По лицу Никса мелькнуло жалкое выражение.
– Что это значит, мадемуазель? – начал он, но сам себя оборвал. – Вам нужно уйти.
– Нет. – Мэри набычилась.
Государь был озадачен. С ним обычно не спорили. Особенно собственные дети. Он присел на корточки, так что его нос оказался как раз напротив носа Мэри. Олли поразилась, как они похожи. У нее и Адини личики круглые, как у ангелов. Так бабушка говорит. А Мэри – настоящий мальчик – длинный подбородок, поджатые губы. Николай повелительно уставился в голубые дерзкие лужицы. Но, к немалому удивлению, обнаружил, что глаза дочери подергиваются льдом. Чувство правоты и отчаяние предали ей сил, и она буквально загнала отцовский взгляд, как собаку в конуру.
– Слушай, маме сейчас очень плохо. Не до нас.
– А тебе до нас?
Это был удар ниже пояса. И снова только правота спасла Мэри от гражданской казни на месте.
– А бабушка…
Олли выступила из-за спины сестры:
– У бабушки Сиротская касса, Воспитательное общество и много других дел.
Вот кому сегодня влетит! Единственные сироты, которыми бы стоило заняться Марии Федоровне, – ее собственные внуки.

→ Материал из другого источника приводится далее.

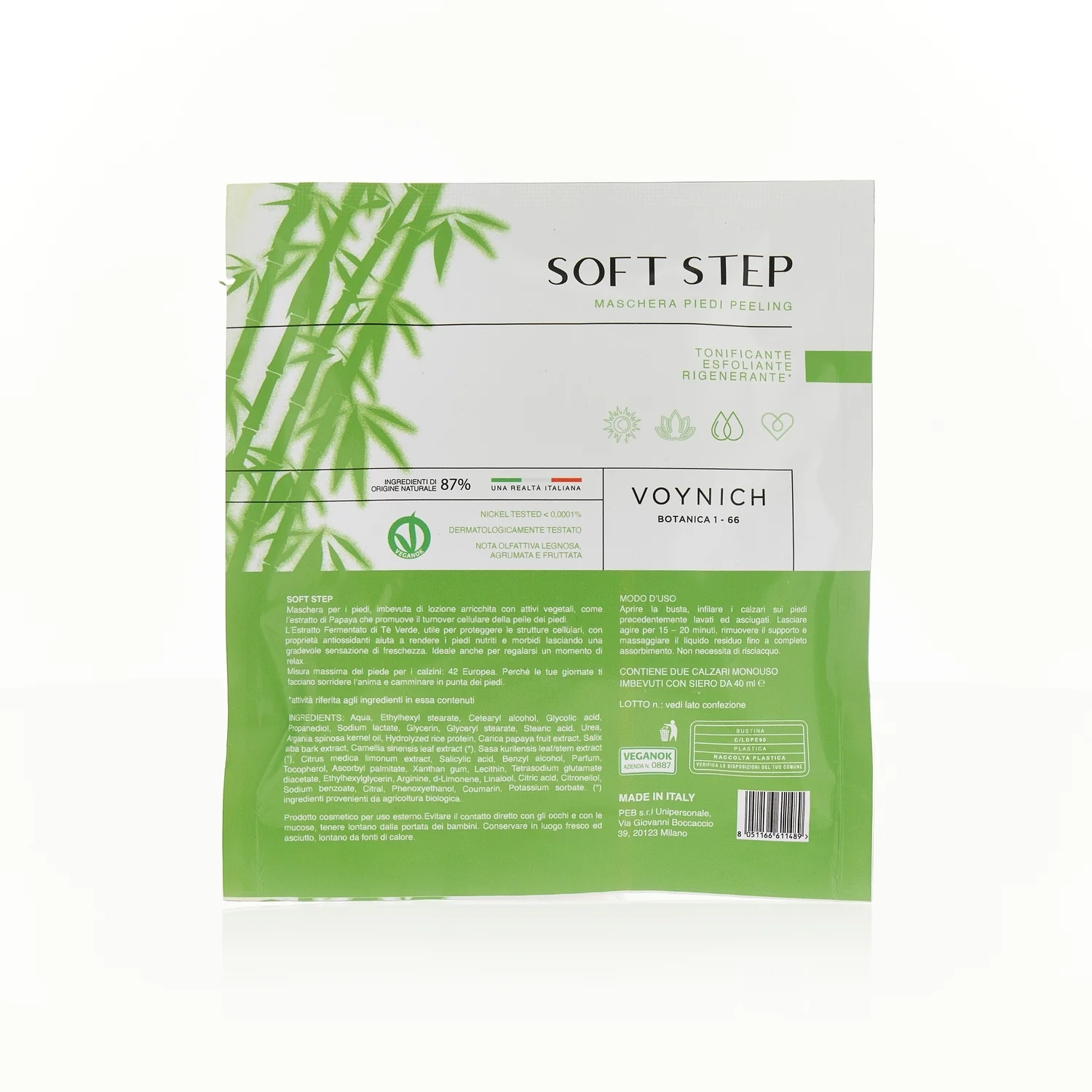 SOFT STEP Body Peeling Fotmaske - Fotbehandling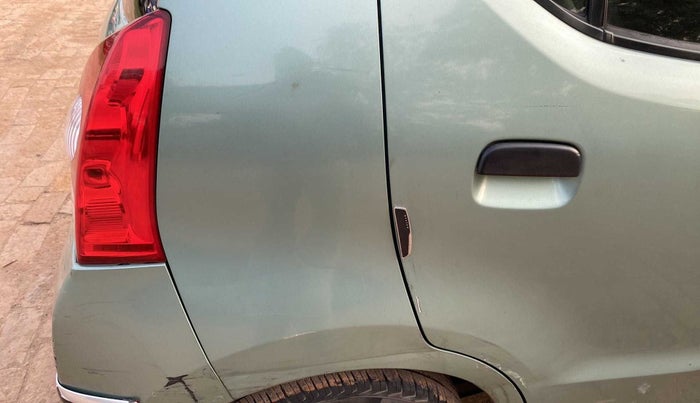 2010 Maruti A Star VXI, Petrol, Manual, 46,559 km, Right quarter panel - Slightly dented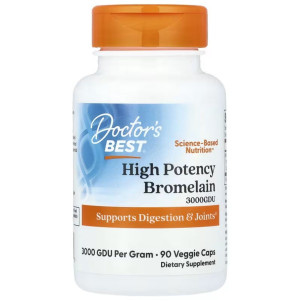 Doctor's Best Bromelaina 3000 GDU 500 mg - 90 kapsułek
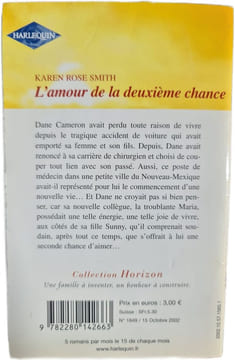 L'amour de la deuxième chance. KAREN ROSE SMITH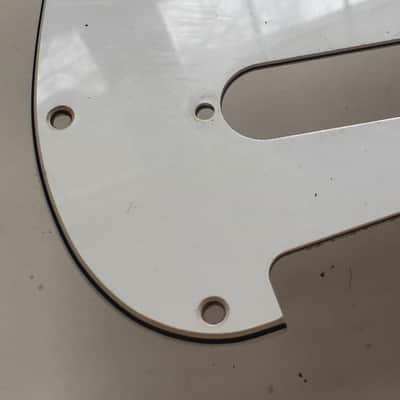 Vintage 1998 Fender Stratocaster USA MIM Pickguard 3 Ply White Relic Guitar Strat Nautral Patina image 18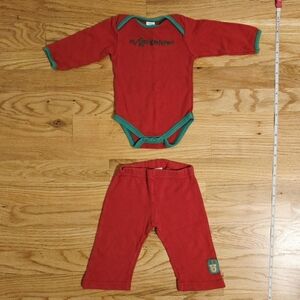 BabyGear 1st Christmas Outfit, 2-pc in Red/Green, Size 6-9M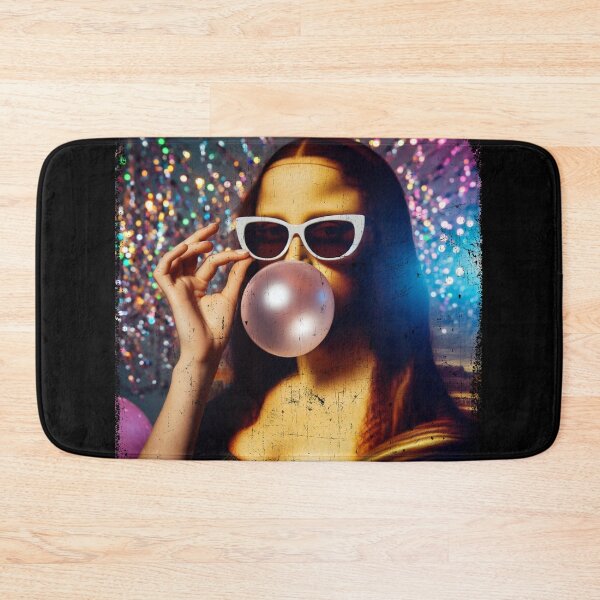 Item preview, Funny Mona Lisa Bubble Gum Retro Disco designed and sold by handcraftline.
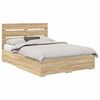 vidaXL Cadre de lit Ch&ecirc;ne Sonoma 150 x 200 cm Bois d'ing&eacute;nierie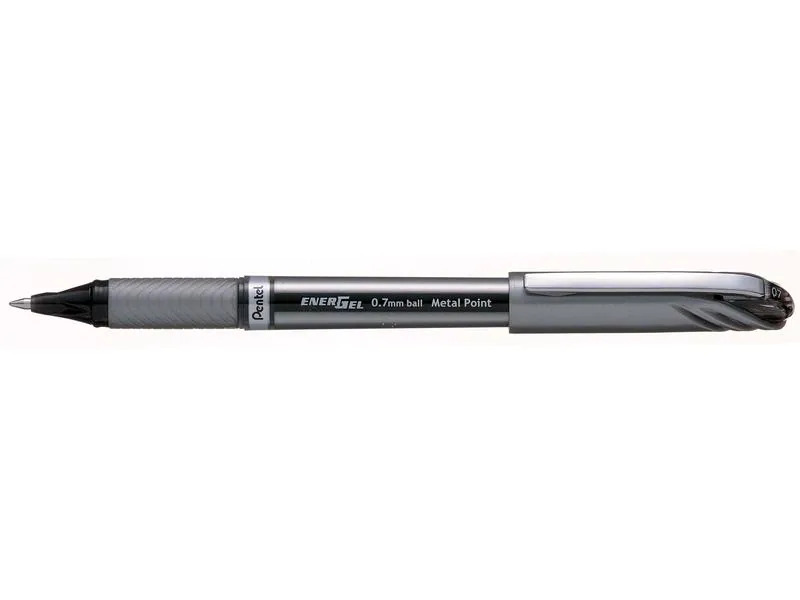 pentel Gelschreiber EnerGel Plus 0.7 mm, Schwarz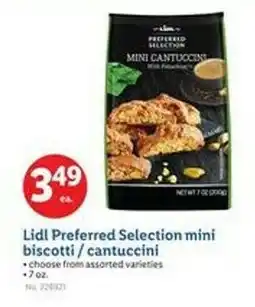 Lidl Lidl Preferred Selection mini biscotti/cantuccini offer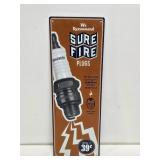 Sure Fire Spark Plugs Metal Sign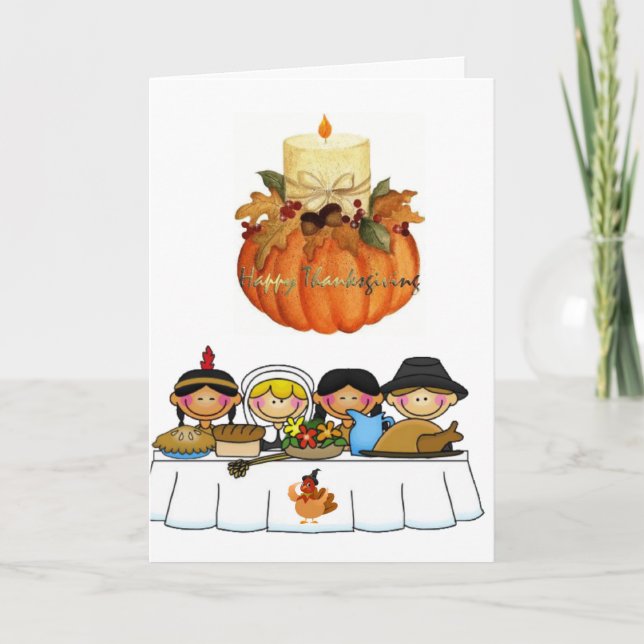 Happy Thanksgiving Day Greeting Card (Front)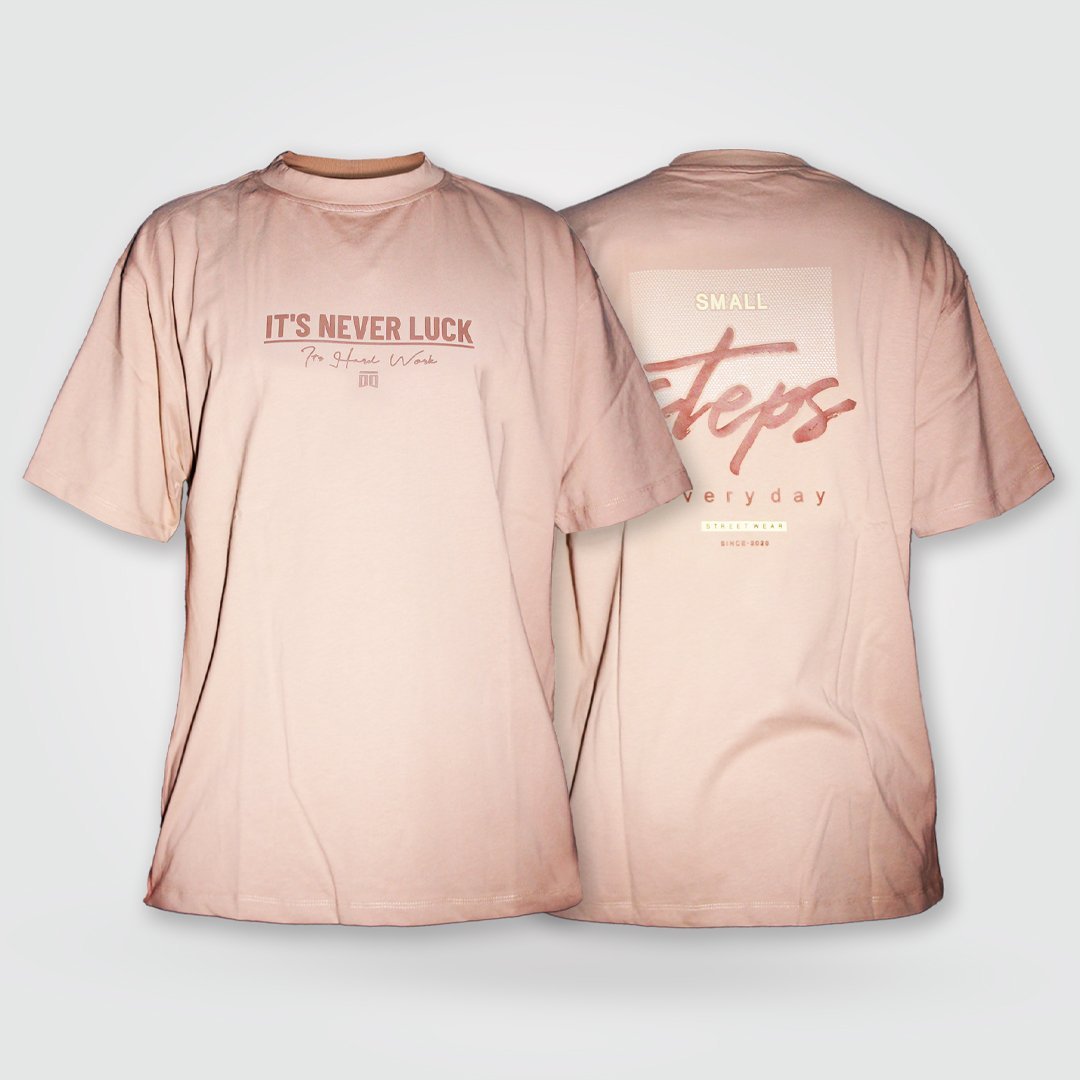Camiseta oversize It´s never luck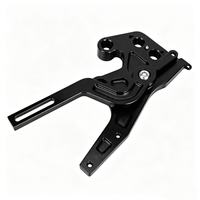 Kit de frein à pied hydraulique arrière en alliage d'aluminium CNC noir pour Sur-Ron Light Bee X Segway X260, prêt à être expédié, amélioration pour moto électrique tout-terrain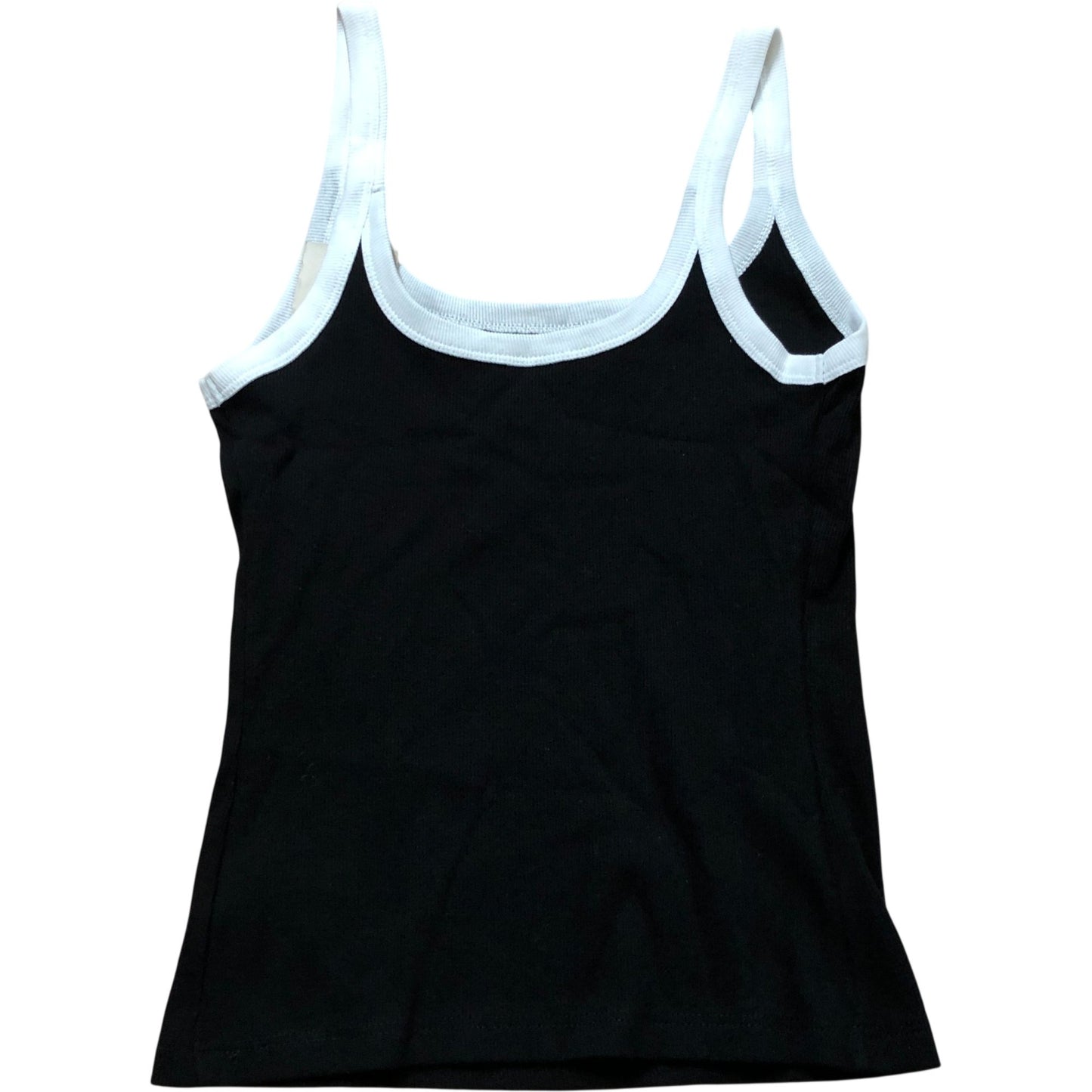 River Island Relaxed Black Tank Top Size S Women's Casual Cotton Blend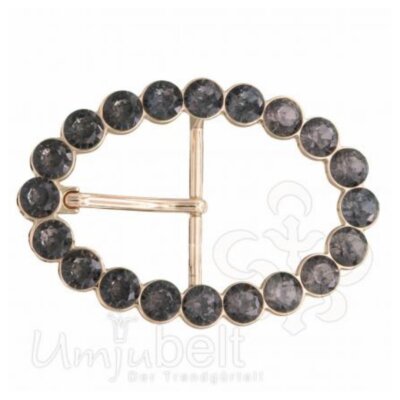 UmjuBelt Schließe ''Sparkling gold/grey'' / Gürtelschnalle 4 cm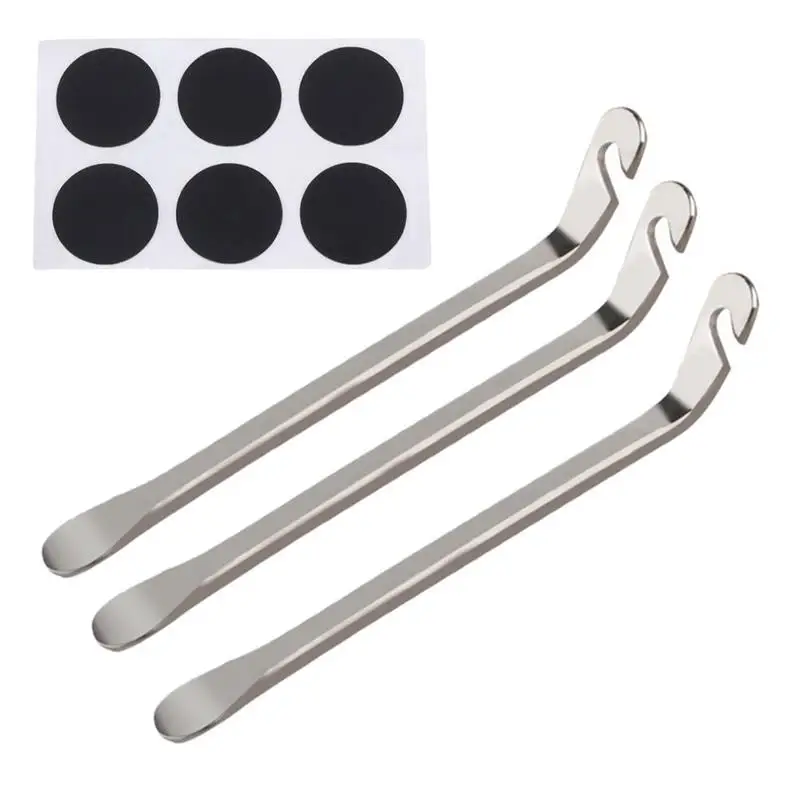 3Pcs Bicycle Tire Lever Mountain Bike Tyre Opener Spoon Steel/Plastic Pry Up Tool MTB Cycling Wheel Remover Repair Kit
3Pcs Bicycle Tire Lever Mountain Bike Tyre Opener Spoon Steel/Plastic Pry Up Tool MTB Cycling Wheel Remover Repair Kit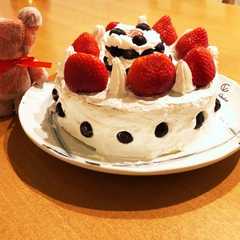 รูปของ くまちゃんとブルーベリーケーキ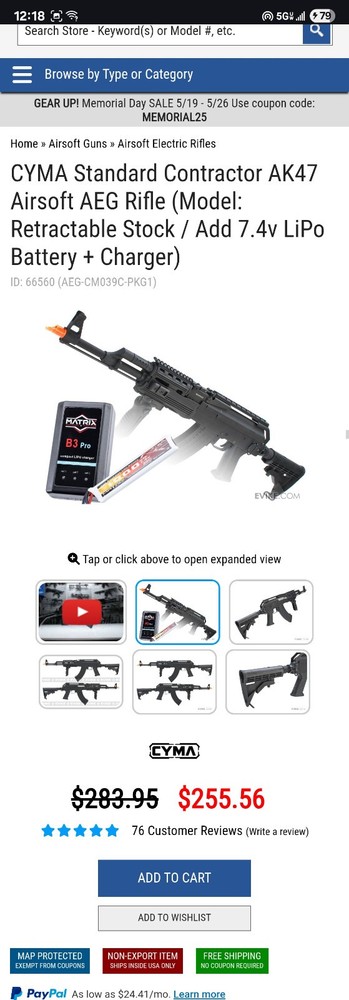 airsoft gun electric bundle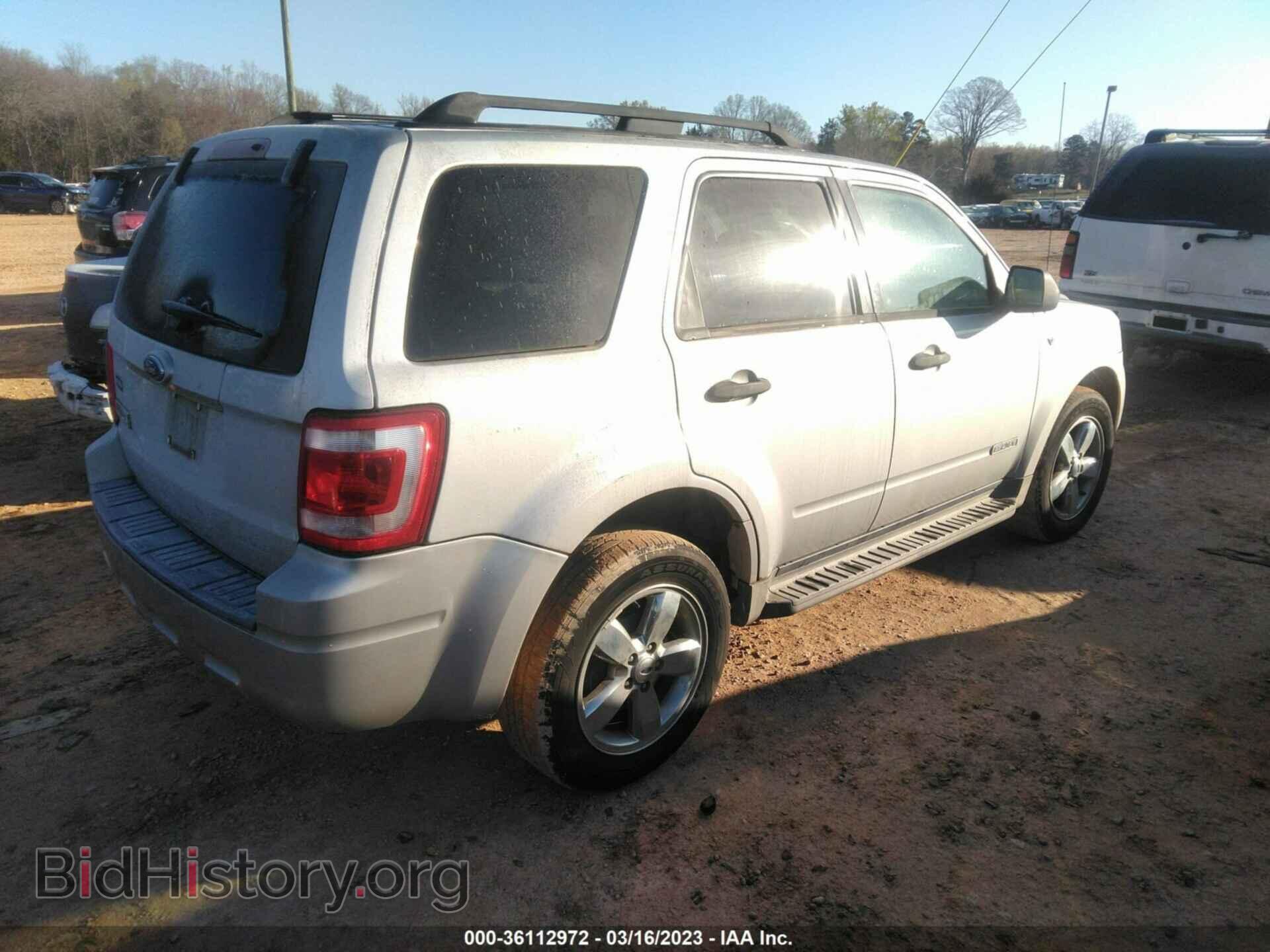 2008 FORD ESCAPE - VIN: 1FMCU03128KE83119 - Фото 4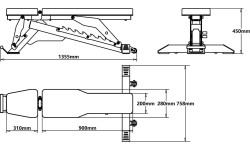 Regulowana komercyjna ławka treningowa HMS L3150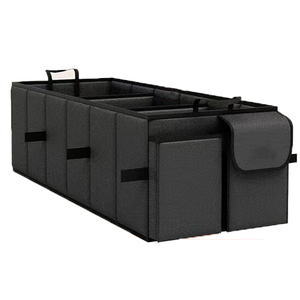 Organizador de Maletero de Coche Plegable con Asa, Solución de Almacenamiento Impermeable de Oxford Resistente para Todos los Coches, SUV y Furgonetas - Product Image 1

– Ты больше не приходишь вечером, – продолжала настаивать Олли.
– Не гуляешь с нами.
– Не читаешь.
– Не рисуешь нам.
Ну да, раньше он вечно малевал им картинки. Как объяснить, что у него больше нет вечеров?
Николай собрался с мыслями.
– Гулять сейчас холодно. Во всяком случае, для младших. Единственная, кого могу взять с собой – Мэри. Я выхожу на полчаса после одиннадцати.
Царевна взвизгнула от восторга.
– А мы?
– Вас возьму, когда потеплеет. – Он замялся. – Это не значит, что я вас не люблю. Но вы должны быть терпеливы и слушаться…
Никс обвел глазами пустынный коридор. Кого, собственно, слушаться?
– Пойдемте, я отведу вас в ваши комнаты. – Государь взял Адини на одну руку, а Олли на другую. Мэри как большая степенно пошла рядом. – В одиннадцать. И ни минутой позже. Если вы, мадемуазель, будете копаться, или на вас не будет теплой шляпки…
Девочка кивала.
– …или теплых сапог…
Гул издалека приближался. Их искали. Но это уже не имело значения. Мэри предвкушала, как притворно испуганные голоса разобьются об утес отцовского негодования. И тогда… что он тогда скажет!